Danish brewer Carlsberg
The world's fourth-largest brewer said it now saw full-year adjusted net profit growth of 5-10 percent, against previous guidance for more than 20 percent growth.
It also cut its outlook for 2011 beer volume growth in Russia, which accounts for about 40 percent of Carlsberg's total beer sales.
Second-quarter performance in Russia has been below expectations, said Chief Executive Jorgen Rasmussen in the statement.
The recovery in the beer category is taking longer than we anticipated as the Russian consumer adapts to the exceptional price increases of around 30 percent undertaken during the last 18 months, Rasmussen said.
This impacts negatively our Russian 2011 profits and is the driver behind our revised 2011 outlook, Rasmussen said.
Carlsberg said it sees Russian beer volume growth at a low single-digit percentage figure from a previous forecast of between 2 and 4 percent this year. The Russian market declined by about 2 percent in the second quarter, it said.
Unfavorable weather during the second quarter also hit beer consumption, the brewer said.
I would not have thought that Carlsberg would have to downgrade its outlook due to this, Nymann said, adding he had expected it would have been easier to get price increases through in Eastern Europe.

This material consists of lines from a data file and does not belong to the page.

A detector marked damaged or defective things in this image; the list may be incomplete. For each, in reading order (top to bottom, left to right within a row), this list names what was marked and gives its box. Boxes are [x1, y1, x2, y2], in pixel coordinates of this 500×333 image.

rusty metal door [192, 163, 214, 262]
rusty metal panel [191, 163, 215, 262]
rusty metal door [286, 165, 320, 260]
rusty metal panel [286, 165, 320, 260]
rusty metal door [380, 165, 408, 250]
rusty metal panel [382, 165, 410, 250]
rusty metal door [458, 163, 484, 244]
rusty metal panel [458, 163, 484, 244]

Perhaps we are now heading toward more difficult times for the Russian economy and Carlsberg ought to be careful not to tighten the price screw too hard from now on, said Sydbank analyst Morten Imsgard.

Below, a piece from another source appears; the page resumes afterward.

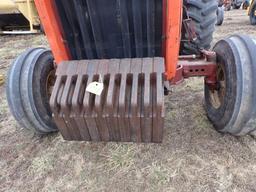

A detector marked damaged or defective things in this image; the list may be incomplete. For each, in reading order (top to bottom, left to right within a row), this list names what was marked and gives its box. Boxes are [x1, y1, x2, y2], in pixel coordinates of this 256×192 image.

rusty metal surface [50, 57, 166, 142]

In spite of the weak second-quarter development, Rasmussen said he still saw improvement ahead.
I'm confident that our Russian business will return to growth, Rasmussen said. At the same time, I'm pleased with the performance of the rest of the Group.
EUROPE, ASIA GROWTH
Beer markets in Northern and Western Europe grew slightly for the first six months. In Asia most beer markets reflected growth of mid- to high single-digit percentages.
For the Copenhagen-based brewer of Tuborg, Baltika and Carlsberg beers, northern and western Europe account for about 40 percent of total beer sales and Asia about 20 percent.
It looks good for the business in northern and western Europe, and in Asia which is seeing strong growth in China, Imsgard said.
Second-quarter operating profit fell to 3.70 billion Danish crowns ($715 million) from 4.24 billion in the same quarter last year, missing analysts' average estimate of 4.34 billion forecast in a Reuters poll.
Sales rose 4.3 percent to 18.74 billion, in line with a 18.73 billion average forecast.